Cinema com Rapadura

OPINIÃO   sábado, 03 de dezembro de 2005

Em Seu Lugar

Quem vai esperando ver apenas mais um filme bom para passar o tempo, pode ter uma boa surpresa. “Em seu lugar” acaba superando as expectativas e provando que é possível, sim, fazer-se um filme comercial de qualidade.

A primeira surpresa vem do fato de que um roteiro com grande potencial cômico vira um drama antes que se perceba sua intenção. Esse enfoque inesperado que baseia-se na oscilação de gêneros (comédia e drama) logo chama a atenção e dá um toque diferencial ao filme.

Maggie (Cameron Diaz) e Rose (Toni Collette – uma das atrizes mais versáteis do cinema atual) são duas irmãs de personalidades completamente opostas. Maggie é do tipo que vive pra curtir a vida com seu comportamento irresponsável e Rose, a mais velha, é uma bem sucedida advogada, recatada e com a vida perfeitamente em ordem. As duas têm uma ligação especial apesar de suas visíveis diferenças de essência.

Quando Maggie é expulsa de casa pela madrasta devido o seu comportamento “transviado” e tem que morar com a irmã, é que a relação das duas muda de figura. Rose tenta fazer com que Maggie dê um jeito em sua vida, enquanto a caçula não se esforça para mudar e, como se não bastasse, ainda ocorre uma horrível traição que se torna um ponto de ruptura na relação delas. A partir daí, tudo toma um rumo diferente na vida das protagonistas e o que acompanhamos na condição de espectadores é uma jornada de auto-descoberta de Maggie e Rose.

A responsável e bem sucedida advogada vê, de repente, que talvez quer algo diferente para si e a desajuizada Maggie, através da avó que descobre existir quando encontra cartas escondidas por seu pai, é obrigada a amadurecer e pensar um pouco mais nos outros em detrimento de si mesma. A veterana Shirley MacLaine, que interpreta Ella, avó das irmãs, dá um toque a mais no filme, provavelmente decorrente de seus anos de experiência e talento. A parte da história passada no retiro de idosos onde Ella (e após um certo ponto, Maggie também) vive são, inclusive, responsáveis por algumas das melhores cenas e diálogos do filme.

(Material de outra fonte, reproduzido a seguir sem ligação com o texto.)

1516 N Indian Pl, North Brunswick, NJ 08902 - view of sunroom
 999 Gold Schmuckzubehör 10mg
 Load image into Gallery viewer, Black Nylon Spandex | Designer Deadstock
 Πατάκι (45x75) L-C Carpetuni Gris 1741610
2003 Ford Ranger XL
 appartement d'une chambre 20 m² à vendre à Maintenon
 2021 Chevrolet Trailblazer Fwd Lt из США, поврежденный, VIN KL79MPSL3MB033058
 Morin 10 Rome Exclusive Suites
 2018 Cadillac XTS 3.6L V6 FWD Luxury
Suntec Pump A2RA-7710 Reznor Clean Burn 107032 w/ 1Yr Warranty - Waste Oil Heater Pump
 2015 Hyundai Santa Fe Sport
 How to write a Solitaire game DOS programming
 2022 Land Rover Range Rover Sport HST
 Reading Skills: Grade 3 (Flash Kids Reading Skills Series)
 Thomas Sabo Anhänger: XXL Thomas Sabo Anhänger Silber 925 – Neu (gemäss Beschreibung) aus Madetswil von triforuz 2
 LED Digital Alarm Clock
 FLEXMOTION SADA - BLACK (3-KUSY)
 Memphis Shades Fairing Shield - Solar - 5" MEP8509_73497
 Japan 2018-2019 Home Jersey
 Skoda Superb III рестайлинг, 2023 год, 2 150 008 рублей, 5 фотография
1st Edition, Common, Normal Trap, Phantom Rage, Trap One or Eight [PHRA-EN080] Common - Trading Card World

As personagens também, descobrimos aos poucos, têm outros aspectos escondidos sobre a superfície. A centrada Rose é uma compradora compulsiva de sapatos quando está deprimida e a imatura, porém segura de si, Maggie sofre de dislexia, o que lhe atrapalha profundamente em termos de conseguir um bom emprego.

O espectador vai, aos poucos e gradativamente, se envolvendo com a trama, que pode não ter mocinhos, bandidos ou reviravoltas inesperadas propriamente ditas, mas é conduzida de uma forma encantadora e interessante. As atuações das protagonistas não beiram a genialidade, mas certamente não deixam margem a criticas negativas. Cameron Diaz surpreende ao fluir muito bem num gênero não muito constante em sua filmografia (a atriz geralmente não explora muito o drama em seus filmes) e Toni Collette prova mais uma vez que é uma boa escolha em qualquer gênero. A combinação das duas, além de tudo, foi bastante oportuna.

O diretor, Curtis Hanson, embora tenha uma filmografia pequena (fora “Em Seu Lugar”, ele dirigiu “8 Mile” e “Los Angeles – Cidade Proibida") deixa a impressão que tem talento para o ramo e que promete ainda ser um nome de destaque.

“Em Seu Lugar”, enfim, surpreende aqueles que, a princípio, não lhe deram muito crédito. Não chega a ser uma obra prima de sétima arte, obviamente, mas nesses tempos de escassez criativa em que vivemos, acaba por se tornar um filme notável. Seguramente, não decepciona.